17/09/2020 às 14h29min - Atualizada em 17/09/2020 às 14h29min

Santa Casa de Araçatuba recebe doação de máscaras de mergulho adaptadas por ONG para ventilação não-invasiva de pacientes de covid-19

Santa Casa de Araçatuba
Foto: Divulgação
A Santa Casa de Araçatuba recebeu doação de 30 máscaras de mergulho adaptadas para uso em ventilação não-invasiva (VNI) por pacientes internados em leitos de isolamento reduzindo a necessidade de intubação e de ventilação mecânica e dos riscos relativos a esses processos, como lesão de tecidos da traqueia e do pulmão do paciente respectivamente, e também o risco de contaminação dos profissionais da saúde que é altíssimo durante o processo de intubação do paciente.

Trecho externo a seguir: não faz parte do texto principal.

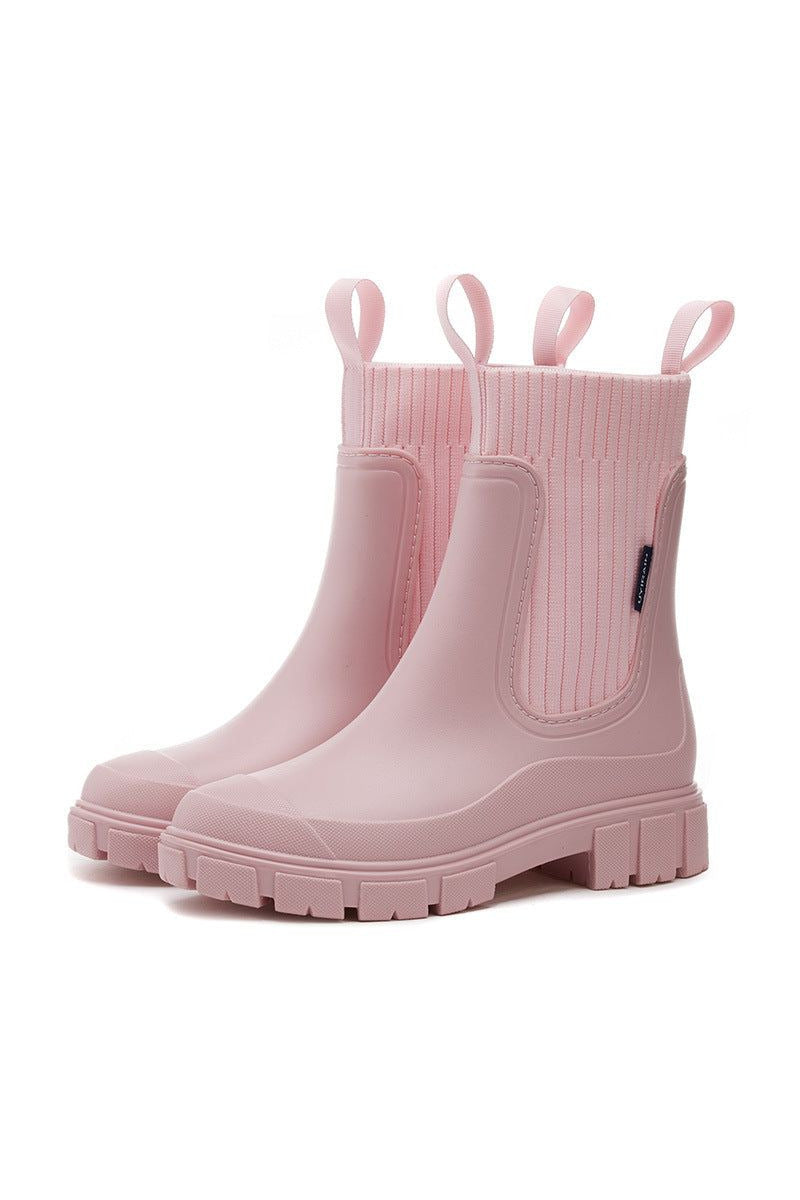 Botas impermeables de media caña en rosa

As máscaras podem ser utilizadas em enfermarias, visto que filtra o ar que é expirado pelo paciente, o que gera menos risco de transmissão do vírus para profissionais de saúde e que o escape de ar lateral é mínimo, evitando assim contaminação do ambiente.

Os equipamentos foram doados pelo Motirõ, grupo voluntário que reúne profissionais de diversas áreas, entre engenheiros, médicos, fisioterapeutas, advogados, etc., que atua em Bauru, Botucatu, Campinas, Itapeva, São José dos Campos e São Paulo com soluções técnicas de baixo custo e alto impacto para oferecê-las gratuitamente para o tratamento da Covid-19.

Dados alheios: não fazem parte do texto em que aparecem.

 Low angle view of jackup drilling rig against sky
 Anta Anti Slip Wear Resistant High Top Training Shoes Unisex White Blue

O Motirõ recebeu as máscaras da Associação Expedicionários da Saúde (EDS), organização não governamental formada por médicos da cidade de Campinas, que atua desde 2004 em missões humanitárias de atendimento médico especializado, principalmente cirúrgico, junto às populações geograficamente isoladas, com ênfase aos povos indígenas, da região amazônica. As máscaras foram doadas à EDS pela empresa francesa Decathlon, com a condição que fossem utilizadas apenas no SUS.

Desde abril, a EDS incluiu a Missão COVID-19, operação logística voluntária que atua para oferecer apoio à melhoria das condições médicas e hospitalares no enfrentamento ao coronavírus através de três frentes de trabalho: doações de equipamentos de proteção individual (EPIs), instalação de tendas de triagem, e doações de máscaras de mergulho adaptadas para ventilação mecânica não-invasiva.

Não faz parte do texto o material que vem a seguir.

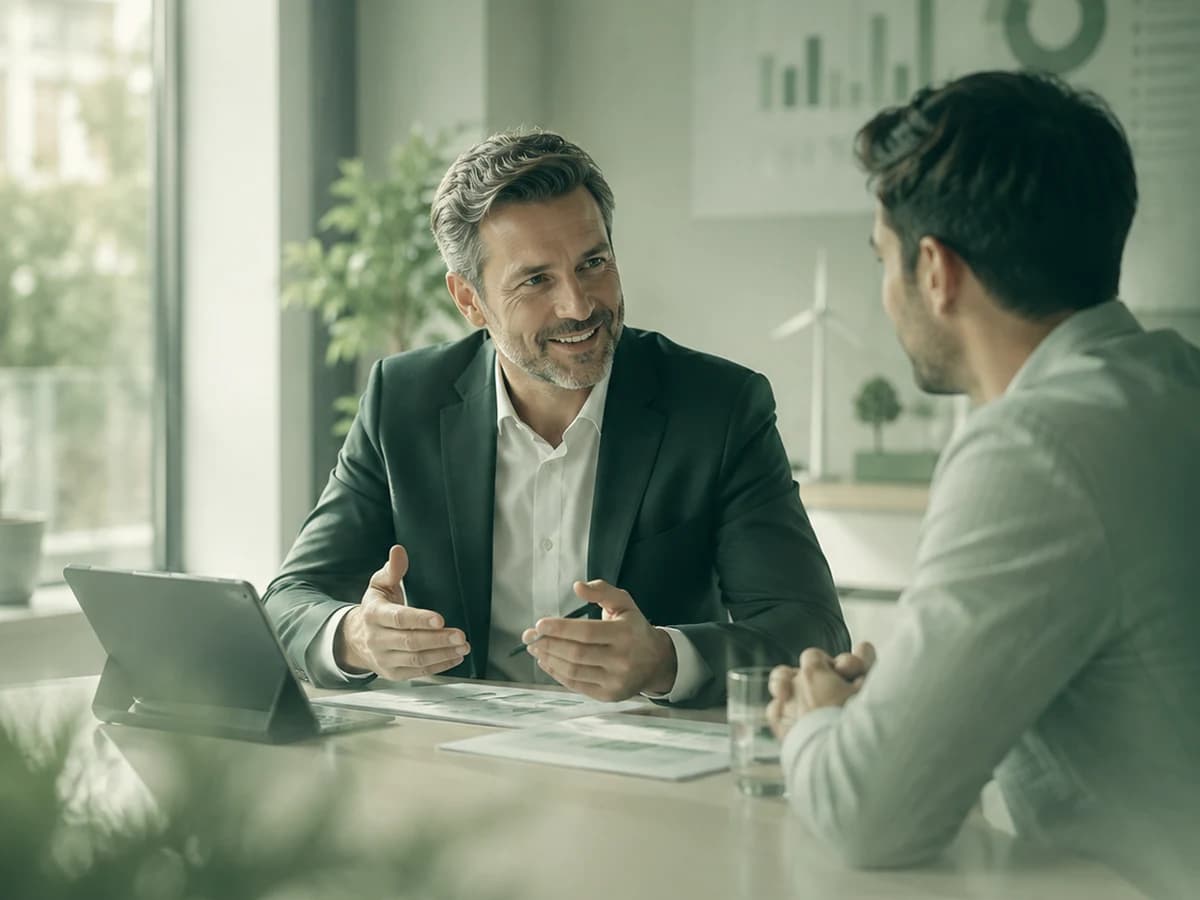 Zwei Personen im Beratungsgespräch an einem hellen Besprechungstisch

O projeto foi inspirado em uma ideia que surgiu na Itália que utiliza máscara de mergulho conectada a um respirador. No formato brasileiro, a principal diferença é o conector que substitui o snorkel da máscara que possibilita ligação direta ao oxigênio. A adaptação acopla parte da peça original a uma modulagem, que permite a entrada e saída do ar, feita em uma impressora 3D.

As máscaras são consideradas como importante opção de ventilação não-invasiva. Wallace Turcio, engenheiro mecânico e voluntário do Motirõ explica que 2.200 máscaras foram doadas pela empresa francesa Decathlon para adaptação e distribuição nos hospitais brasileiros com a ajuda da Expedicionários da Saúde que conta com apoio da Azul Cargo Express nos traslados das doações realizadas para todo o país.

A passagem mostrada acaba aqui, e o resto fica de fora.